Proponents of the road claimed that it would provide an efficient way for rural farmers and tradesmen to get their goods to city markets. They claim it would also allow loggers to more easily transport timber from the depths of the Amazon rainforest to sawmills. The wood could then be easily shipped from Peru's Pacific coast to international buyers.

However, critics argue that the Pucallpa-Cruzeiro do Sul road would cut through traditional territories of the Ashéninka, an indigenous people of eastern Peru. Many leaders fear the road will increase access to previously undeveloped rainforest, threatening the ecosystem and the Ashéninka way of life. Large trees, such as mahogany, would catch the eye of illegal loggers because of their high value.

The great mahogany trees also serve to protect the Ashéninka from the outside world and are essential for the health of the rainforest. The trees provide shelter, food, and nesting grounds that sustain the vast biodiversity within the ecosystem. The Ashéninka have come to depend on nature for food and shelter.

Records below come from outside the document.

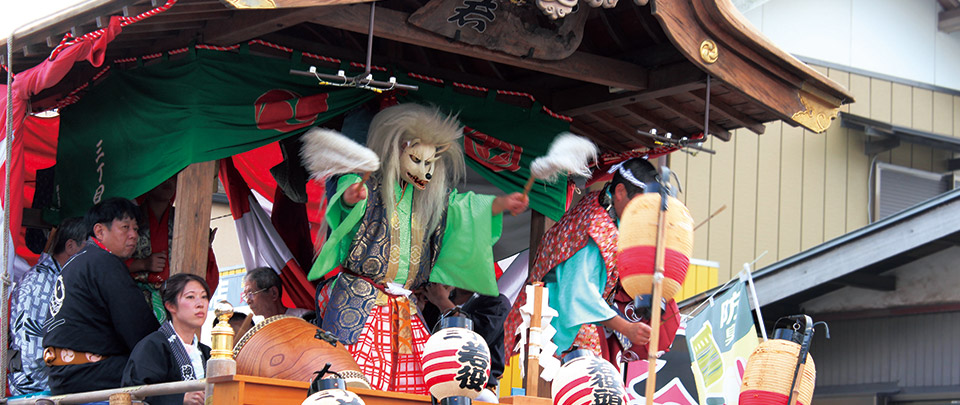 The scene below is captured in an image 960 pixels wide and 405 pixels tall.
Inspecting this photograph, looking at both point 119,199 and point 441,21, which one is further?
point 119,199

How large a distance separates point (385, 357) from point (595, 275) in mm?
1185

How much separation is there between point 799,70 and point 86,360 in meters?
3.86

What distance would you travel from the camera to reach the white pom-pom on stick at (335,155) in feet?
15.6

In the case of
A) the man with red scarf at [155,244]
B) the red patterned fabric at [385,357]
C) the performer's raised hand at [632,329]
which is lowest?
the red patterned fabric at [385,357]

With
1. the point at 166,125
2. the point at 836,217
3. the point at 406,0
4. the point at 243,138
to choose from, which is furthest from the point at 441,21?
the point at 836,217

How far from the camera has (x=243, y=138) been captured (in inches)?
208

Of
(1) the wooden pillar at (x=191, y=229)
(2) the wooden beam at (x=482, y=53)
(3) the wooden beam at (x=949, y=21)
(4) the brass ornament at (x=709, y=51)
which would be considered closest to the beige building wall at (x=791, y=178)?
(3) the wooden beam at (x=949, y=21)

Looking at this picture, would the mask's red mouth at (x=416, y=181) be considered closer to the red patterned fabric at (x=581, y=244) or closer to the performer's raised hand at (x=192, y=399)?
the red patterned fabric at (x=581, y=244)

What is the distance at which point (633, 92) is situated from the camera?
600 cm

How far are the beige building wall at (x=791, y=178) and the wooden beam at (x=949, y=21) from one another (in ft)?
2.33

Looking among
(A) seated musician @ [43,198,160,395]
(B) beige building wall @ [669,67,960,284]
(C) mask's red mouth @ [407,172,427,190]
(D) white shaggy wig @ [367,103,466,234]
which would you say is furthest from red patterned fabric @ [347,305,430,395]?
(B) beige building wall @ [669,67,960,284]

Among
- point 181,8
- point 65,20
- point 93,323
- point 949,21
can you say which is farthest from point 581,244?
point 949,21

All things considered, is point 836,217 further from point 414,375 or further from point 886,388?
point 414,375

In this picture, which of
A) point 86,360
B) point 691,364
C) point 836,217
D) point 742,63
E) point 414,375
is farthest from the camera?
point 836,217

A Snapshot of the Geography

The Amazon River Basin is located in South America, covering an area of 4.3 million square kilometers (2.7 million square miles). That's about the size of four Alaskas combined. Nearly 70 percent of the basin falls within Brazil. The remaining areas stretch into parts of Peru, Ecuador, Bolivia, Colombia, Venezuela, and Guyana.

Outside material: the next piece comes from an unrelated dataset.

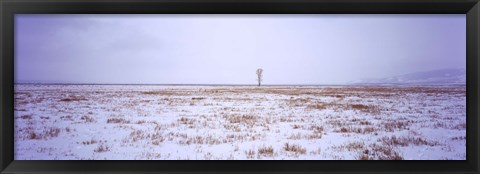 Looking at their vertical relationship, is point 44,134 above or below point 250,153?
above

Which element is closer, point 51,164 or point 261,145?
point 51,164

The Amazon's massive drainage basin is made up of dozens of smaller watersheds. A watershed is an area of land that separates water flowing through the basin. In a drainage basin, the water drains into the ground and creates a rich habitat. The Ashéninka people have lived near a watershed at the border of Peru and Brazil for centuries. They survive on hunting, fishing and crops, such as sweet potato, corn, coffee, and sugar cane.

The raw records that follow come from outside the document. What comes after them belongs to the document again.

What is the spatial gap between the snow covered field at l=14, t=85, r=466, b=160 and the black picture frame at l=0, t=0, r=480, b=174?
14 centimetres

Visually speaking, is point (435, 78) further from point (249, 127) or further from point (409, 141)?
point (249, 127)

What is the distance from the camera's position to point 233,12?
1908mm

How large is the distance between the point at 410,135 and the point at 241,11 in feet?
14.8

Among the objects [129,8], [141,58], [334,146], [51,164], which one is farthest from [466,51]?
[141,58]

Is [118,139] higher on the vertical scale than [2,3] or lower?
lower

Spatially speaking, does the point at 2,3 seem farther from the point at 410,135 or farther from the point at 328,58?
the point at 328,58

A Variety of Plants, Animal Life and Mahogany Trees

The rainforest surrounding the Amazon River is the largest on the entire planet. In addition to 33 million human inhabitants, including 385 distinct Indigenous groups, it hosts the greatest diversity of plant and animal life in the world. More than two million species of insects are native to the region, including hundreds of spiders and butterflies. Howler and spider monkeys are abundant, along with sloths, snakes, and iguanas. Brightly colored birds like parrots and toucans live there too. Many of these species are only found in the Amazon rainforest.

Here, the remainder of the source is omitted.